For more than 14 years, traders have been whipsawed back and forth by the stock market with little to show for it — except for mounting frustration and declining trading capital. Until recently, since the dot-com era went bust in March 1999, the market has traded with all the zest and enthusiasm of a lead balloon. It has made anemic attempts at bull runs only to roll over into steep price declines before re-starting this up-and-down pattern over and over again.
Sometimes for extended periods, price breakouts will fail with few real trends developing into any meaningful move as the market continues to trade sideways. Trading support and resistance levels would seem logical, even easy, to do in the current market environment, but as with most things in trading, this is easier talked about than put into practice.
One reason for this is the frequent failure of traditional tools for sideways markets. While conventional technical analysis may give you a glimpse into the mechanics behind these moves, if you can see them, then other traders can see them as well.
Human behavior & volatility
There are three market types: Up, down and sideways. Simply knowing you are in the midst of an extended sideways trading period doesn’t make the market easy to trade. In much the same way that market conditions have changed for trend trading and breakout trading, sideways markets have evolved and new methods have been needed to trade them effectively.
The goal is to develop a method that pinpoints optimal price levels for resistance and support, minus the unpredictability. To accomplish this, we need an approach that doesn’t rely on static points in an underlying security’s price action, but one that can reflect the dynamic and ever-changing state of the price action itself.

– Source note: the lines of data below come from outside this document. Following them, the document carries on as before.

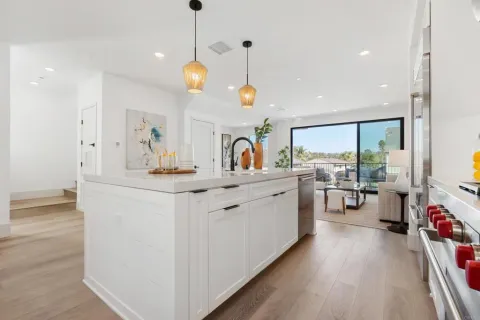 $2,049,000 | 314 Chinquapin Avenue, Carlsbad, CA 92008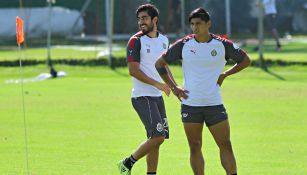 Pizarro y Pulido en un entrenamiento de Chivas 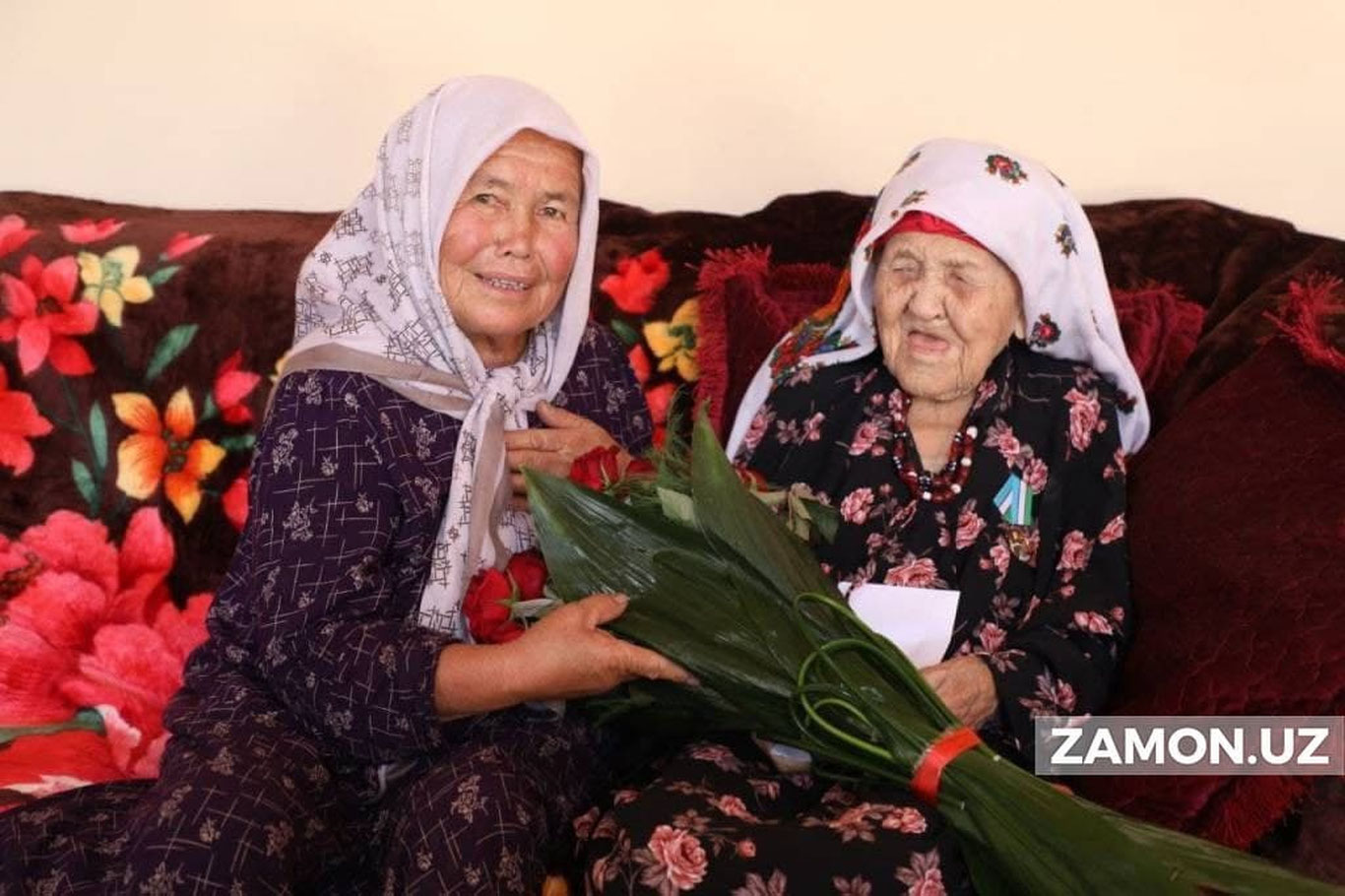 Surxondaryoda 108 yoshli momoga davlat mukofoti topshirildi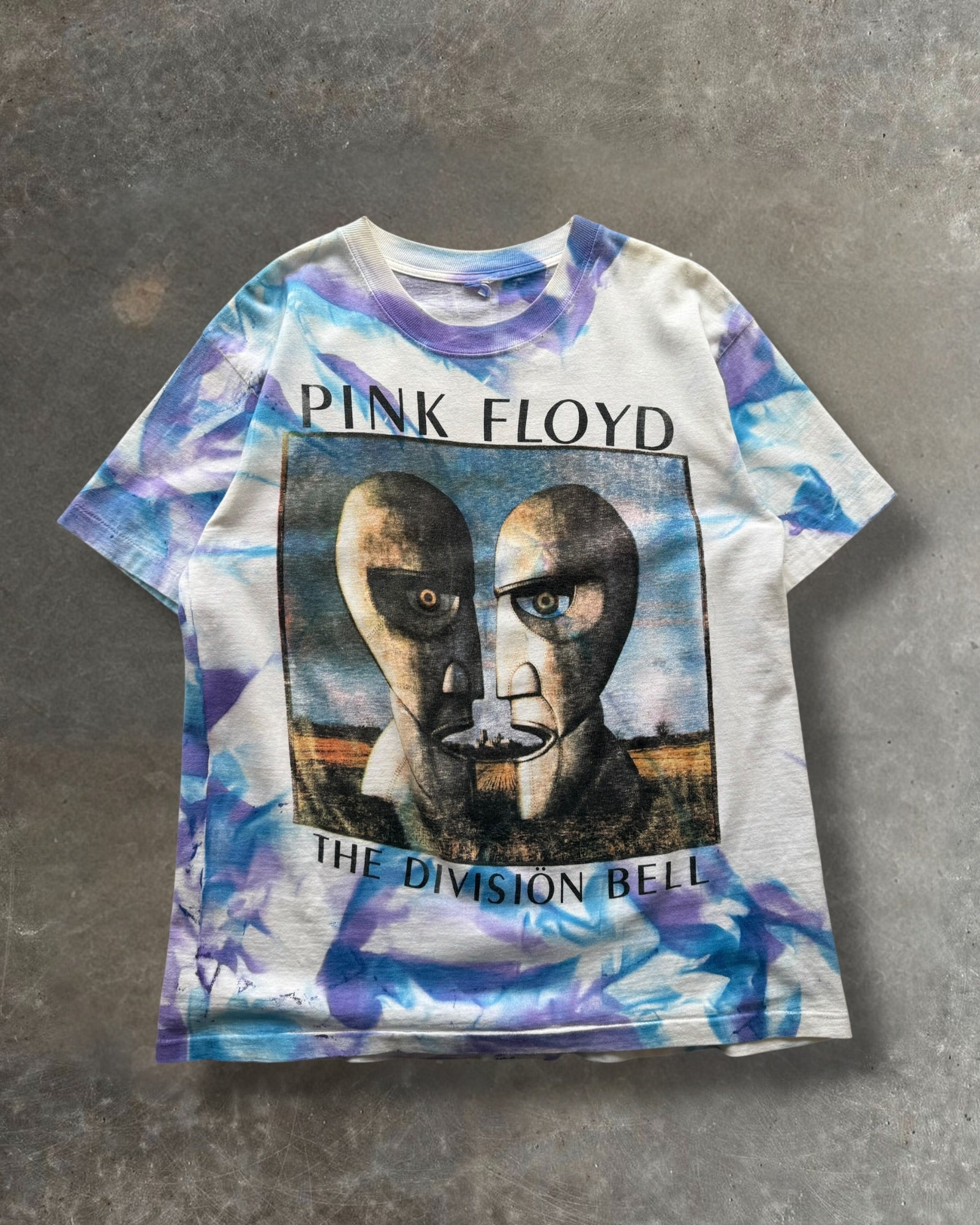 90s Pink Floyd Division Bell Tye-Dye Parking Lot Bootleg Tee Sz. L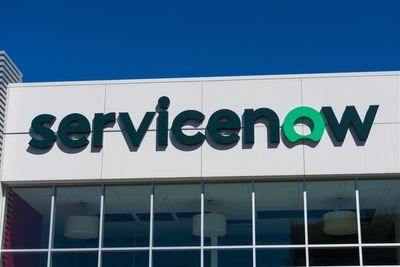 ServiceNow: The 2nd Wave of AI Spending Is Here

One reason for this might be that more traders identify the market as sideways. As a result, they have changed their trading approach to adapt, and static support and resistance price levels have become more volatile and less predictable. Static supports are relatively easy to identify by other traders and they become battlegrounds for bulls and bears who are attempting to seize control of price movement. The result is that price action tends to behave erratically, causing stop loss points to get stopped out before trades have a chance to profit.